On Sat, 27 Oct 2007 10:38:39 -0500
Chris <[EMAIL PROTECTED]> wrote:

> On Sat, 27 Oct 2007 00:12:49 -0400
> "E. J. Cerejo" <[EMAIL PROTECTED]> wrote:
> 
> > Not anymore!  Every time I cvsup my ports tree and I see all of
> > those ports that need to be updated my belly aches and that's
> > because portupgrade doesn't work the way it used to work.  It is
> > not fun any more!  Always an issue, either a port conflicts with
> > another port or it fails all together.  I have forgotten the last
> > time I updated my ports without any issues.  Today scrollkeeper is
> > conflicting with rarian, they install files on the same directory.
> > Go figure.  Those were the days when it used to work.
> 
> This is one of the main reasons users are having a serious look at
> Linux distros like Fedora or some Debian-ish  ones.
>
> I have used (and still do) both flavors of the above and I have to
> tell y, updating the installed apps is as easy as apt-get update ot
> yum update/upgrade.

Of course it is, that's because someone has already done the work,
equivalent to what's in UPDATING, when the packages were built.

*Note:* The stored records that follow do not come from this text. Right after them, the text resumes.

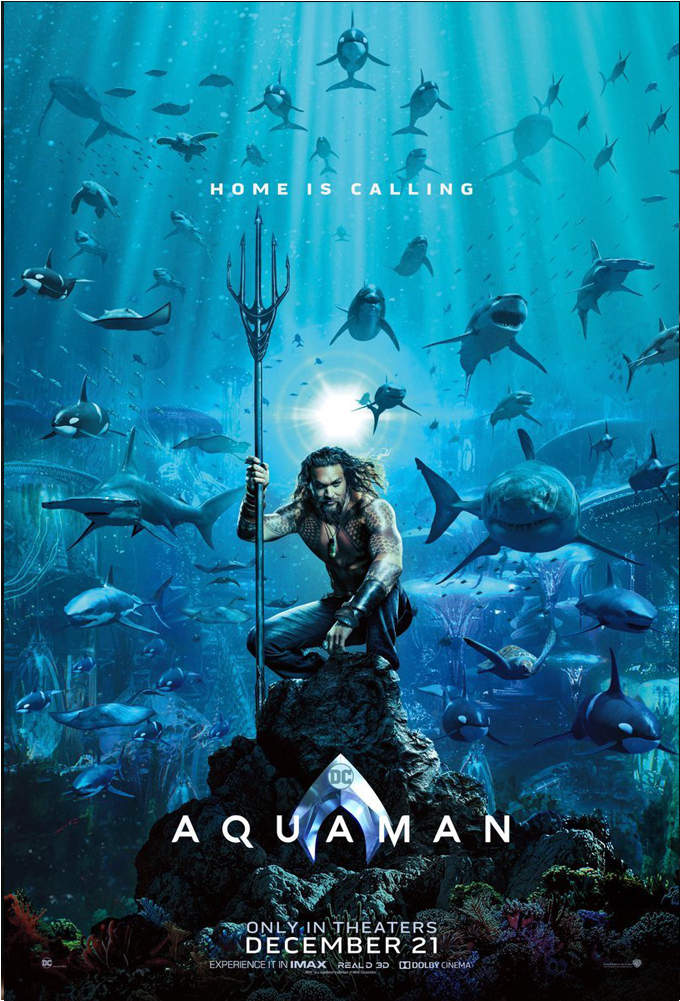 Vancouver - La - Aquaman (1000x1000), Png Download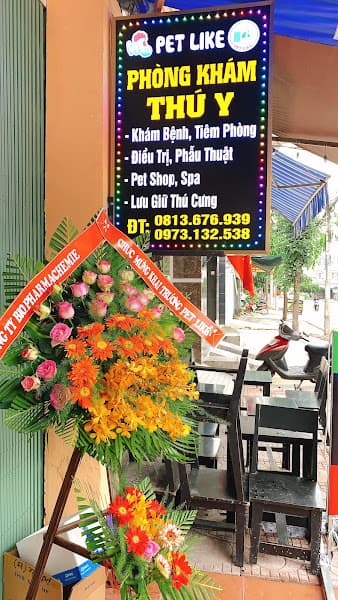 Ảnh bìa PetLike -Phogf khám thú y pet shop spa lưu giữ thú cưng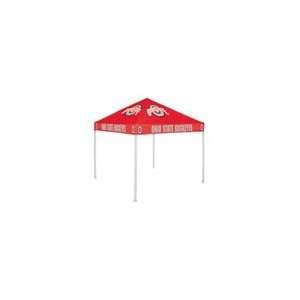  Ohio State Buckeyes Solid Color Tent: Sports & Outdoors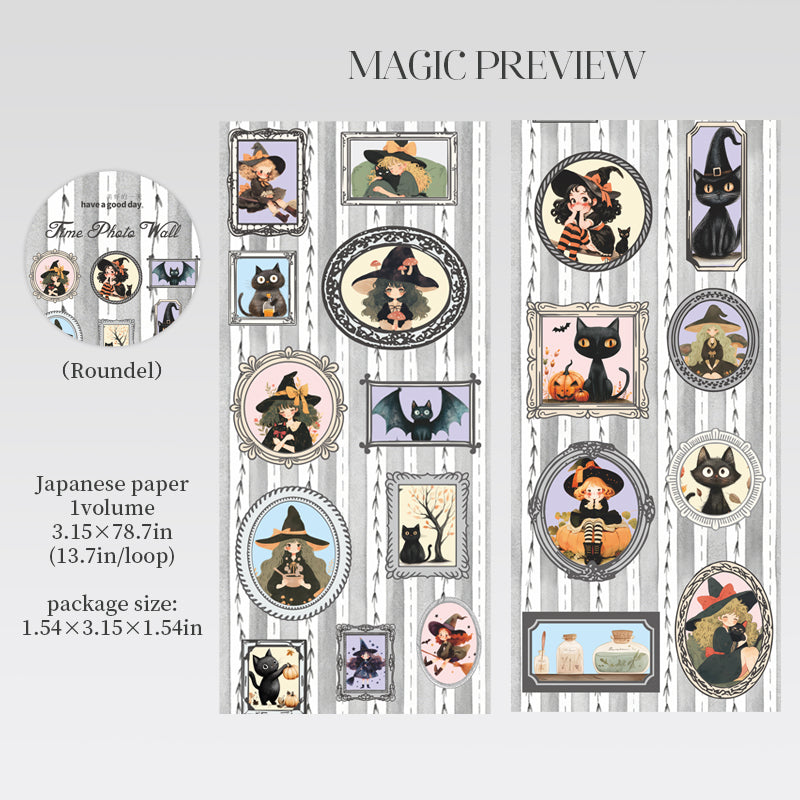 1 roll photo wall washi-tape(T26052804)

If you
want to build from source you have to do it yourself. 

> I used to love spending my Friday nights updating my FreeBSD ports -
> then, as you are finding out - it's just getting tedious.

Sounds like rose-tinted glasses to me. Upgrading Gnome used to involve
running an script in single-user mode, and by the admission of the
authors, even that wasn't reliable. UPDATING is no more complex now
than it was in the past, less so if anything.